Data provided: Begin
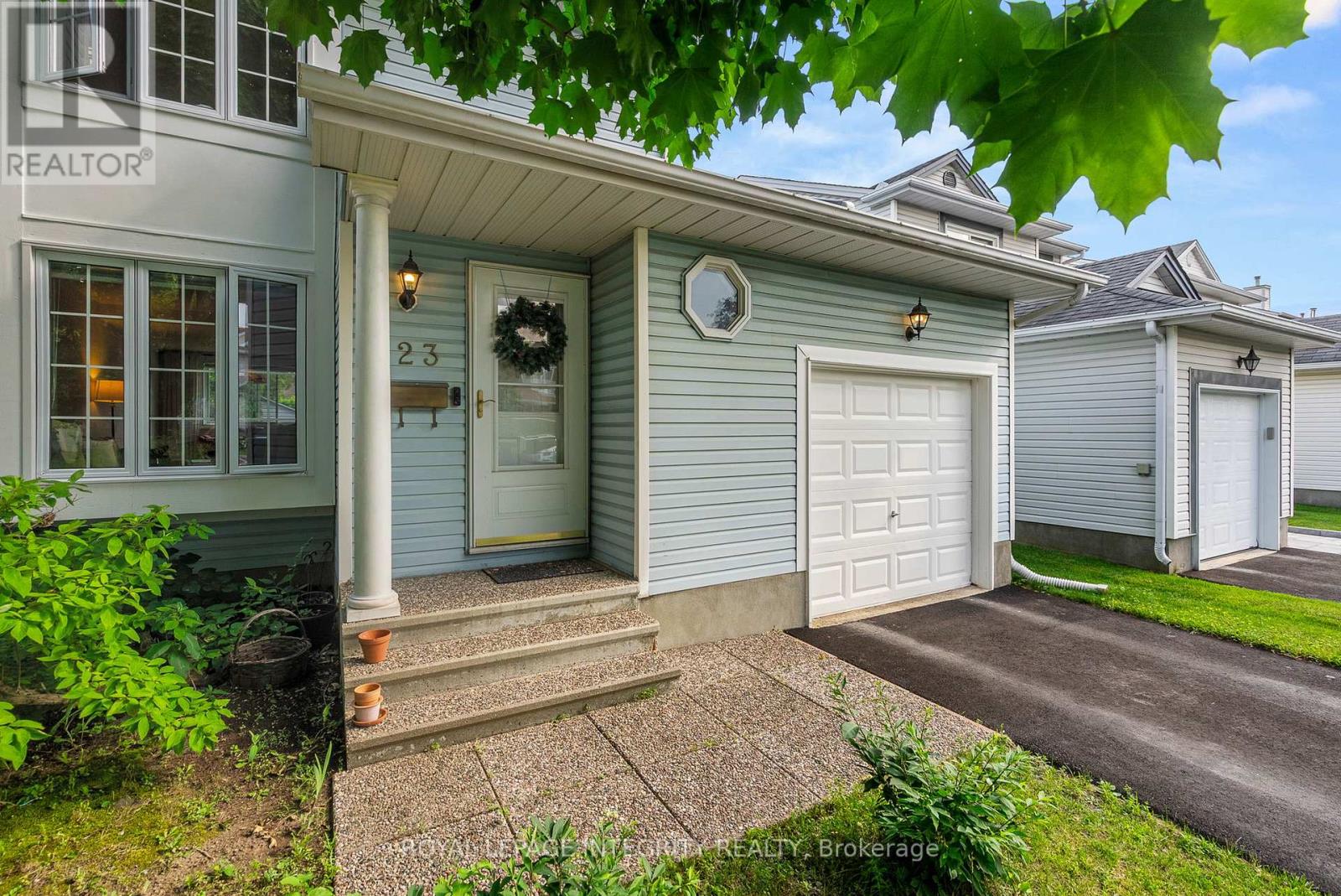 23 PEACOCK CRESCENT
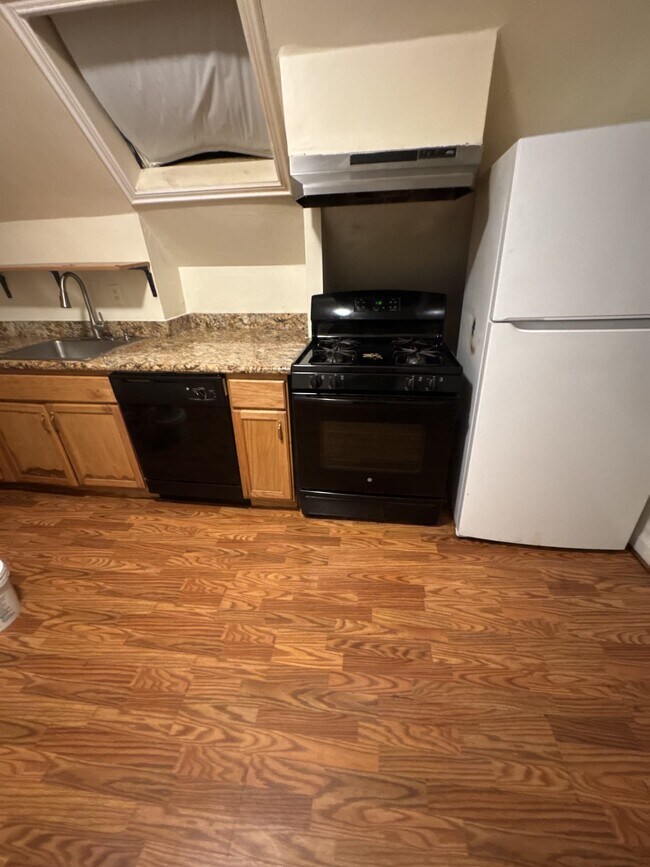 Building Photo - 4302 N Kimball Ave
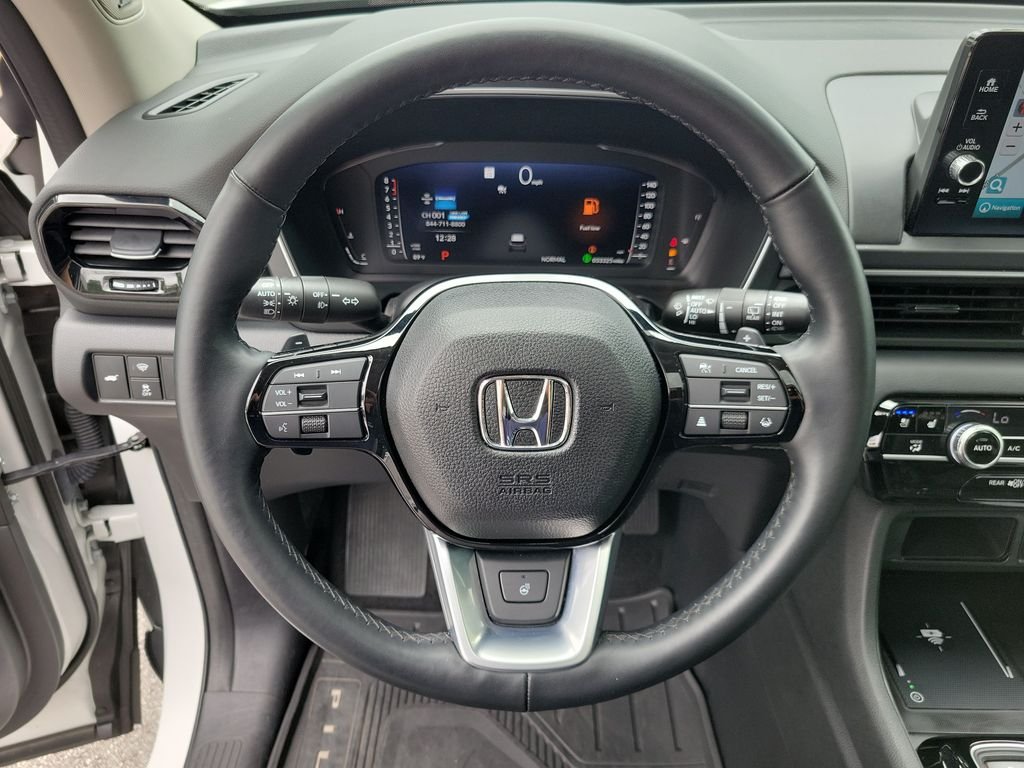 Certified Used 2023 Platinum White Pearl Honda AWD ELITE image 32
Data provided: End
### Work item:
Print the whole listing again exactly, please. No pictures.

### Your response:
 23 PEACOCK CRESCENT
 Building Photo - 4302 N Kimball Ave
 Certified Used 2023 Platinum White Pearl Honda AWD ELITE image 32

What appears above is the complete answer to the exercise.